Pemigatinib After Chemotherapy for the Treatment of Newly Diagnosed Acute Myeloid Leukemia

This phase I trial identifies the best dose and clinical benefit of giving pemigatinib following standard induction chemotherapy in patients with newly diagnosed acute myeloid leukemia. Pemigatinib selectively inhibits FGFR (fibroblast growth factor receptor) activity, a receptor that may contribute to the growth of leukemia cells. The genetic changes responsible for activating the growth of leukemia cells can be unique to each patient and can change during the course of the disease. Chemotherapy drugs, such as cytarabine and daunorubicin work in different ways to stop the growth of cancer cells, either by killing the cells, by stopping them from dividing, or by stopping them from spreading.

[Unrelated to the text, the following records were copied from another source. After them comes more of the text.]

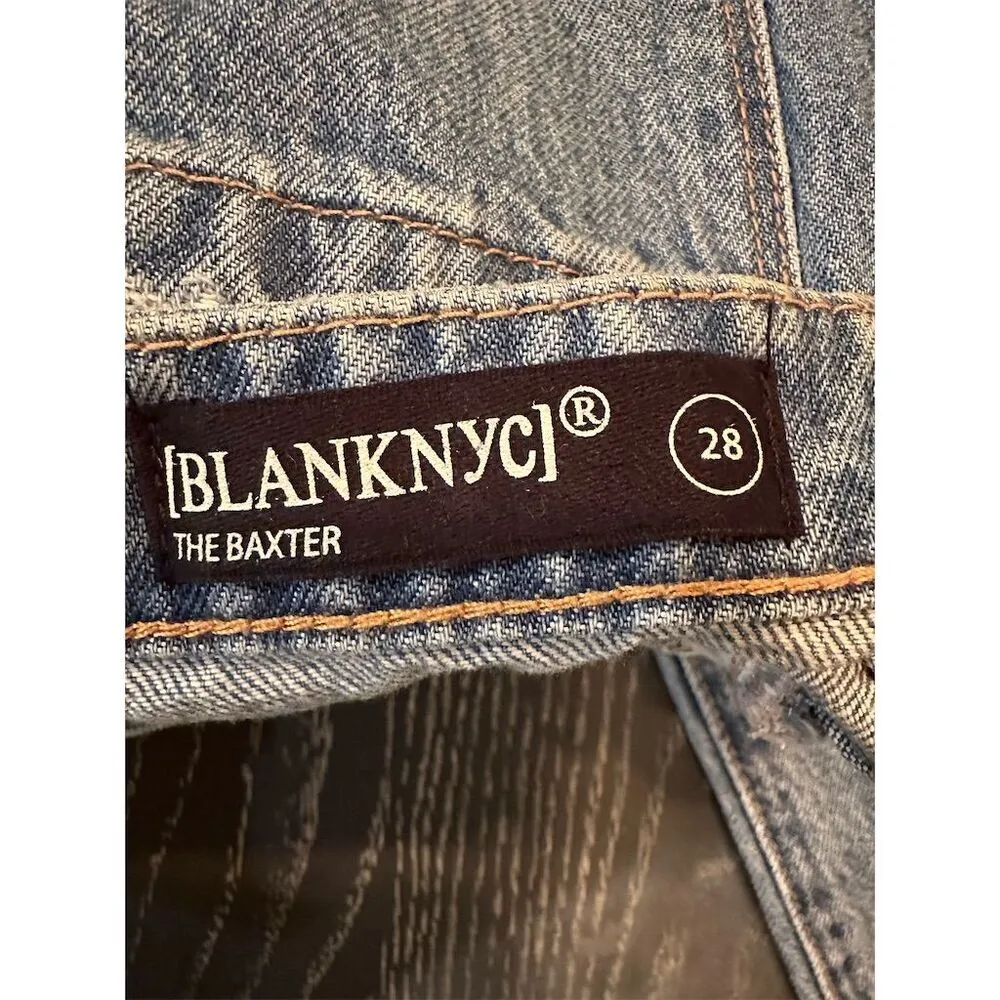 BLANKNYC Women's Distressed High-Rise Straight Leg Jeans Blue Size 28 The Baxter - Image 7
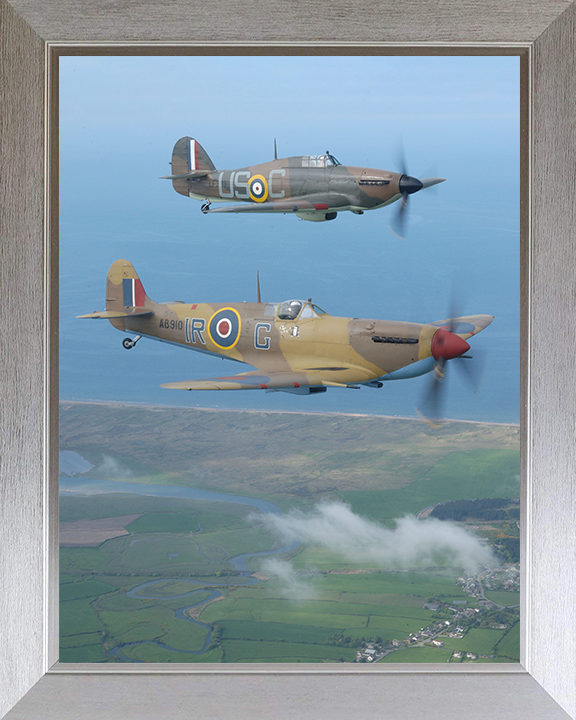 RAF Spitfire And Hurricane Planes in Flight May 2005 Royal Air Force Aircraft Photo Print Wall Art Aviation Decor UK Posters, Prints, & Visual Artwork Hampshire Prints 10 x 8 Silver Frame No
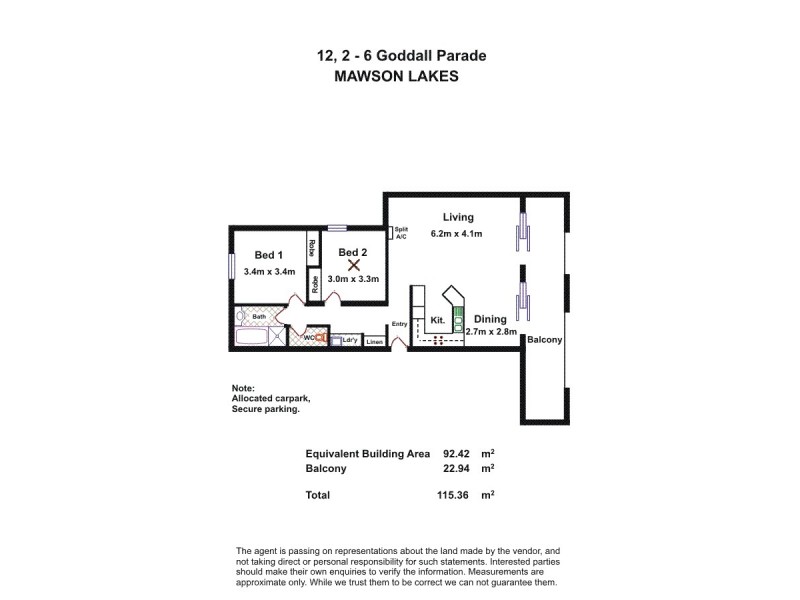 12/2-6 Goodall Parade, Mawson Lakes SA 5095 Floorplan
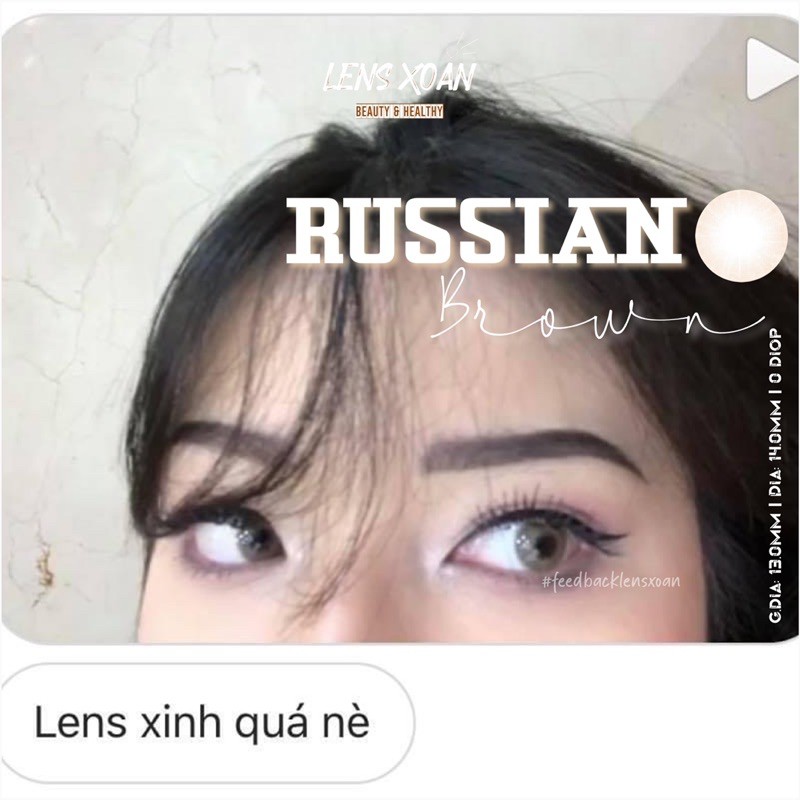 ÁP TRÒNG RUSSIAN BROWN: LENS NÂU TÂY ÁNH VÀNG | B.S COR | LENS XOẮN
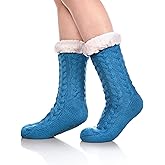 SDBING Women's Winter Super Soft Warm Cozy Fleece Lined Fuzzy Slipper Socks with Grippers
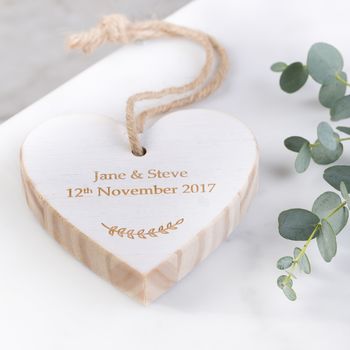 Personalised Wooden Heart Wedding Keepsake, 2 of 3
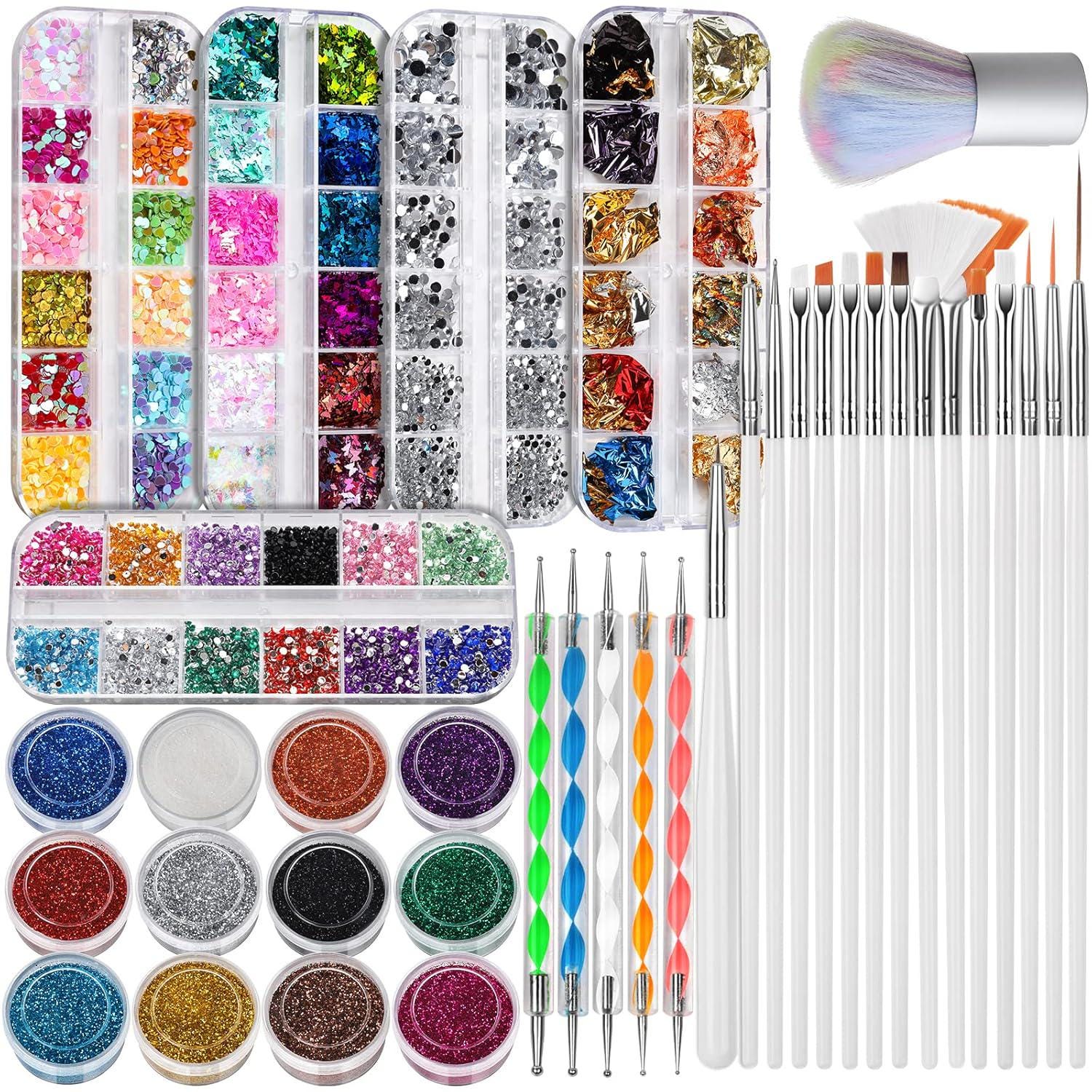 Nail Art Brushes Kit, Glitter, Sequins, Rhinestones, Design Tools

PRIMARY OBJECTIVE: I. To determine the maximum tolerated dose of pemigatinib (INC054828) following standard of care induction chemotherapy. SECONDARY OBJECTIVES: I. To assess preliminary efficacy associated with study intervention. II. To assess the safety profile of the study intervention. III. To evaluate time-to- marrow recovery between cycles of pemigatinib. EXPLORATORY OBJECTIVES: I. Assess minimal residual disease (MRD) by fluorescent in situ hybridization (FISH), reverse transcriptase-polymerase chain reaction (RT-PCR), and/or next-generation sequencing of acute myeloid leukemia (AML) genetic abnormalities in bone marrow and blood. II. Quantify FGF2/FGFR immunohistochemical staining of marrow core biopsies and compare to historical controls at various timepoints. III. Assess ex vivo sensitivity of patient-derived mononuclear cells to pemigatinib with and without FGF2 supplementation. IV. Evaluate pemigatinib-induced changes in stromal expression using cultured bone marrow samples and compare to historical controls. V. Evaluate the impact of pemigatinib on the need for intravenous (IV) phosphate replacement after chemotherapy. OUTLINE: This is a dose-escalation study of pemigatinib followed by a dose-expansion study. INDUCTION: Patients receive cytarabine IV on days 1-7, daunorubicin IV on days 1-3, and pemigatinib orally (PO) once daily (QD) on days 8-21 in the absence of disease progression or unacceptable toxicity. Patients with hematologic count recovery (assessed between days 25-42) after induction proceed to consolidation therapy. Patients undergo echocardiography (ECHO) during screening and as clinically indicated on study. Patients undergo blood sample collection and bone marrow aspirate and biopsy during screening and cycle 11 day 21 on study. CONSOLIDATION: Patients receive high dose cytarabine IV twice daily (BID) on days 1, 3, and 5 of each cycle, and pemigatinib PO QD on days 8-21 of each cycle. Treatment repeats every 28 days for up to 4 cycles in the absence of disease progression of unacceptable toxicity. Patients undergo ECHO as clinically indicated and blood sample collection and bone marrow biopsy and aspirate at the end of consolidation. After completion of study treatment, patients are followed up every 3 months for up to 24 months.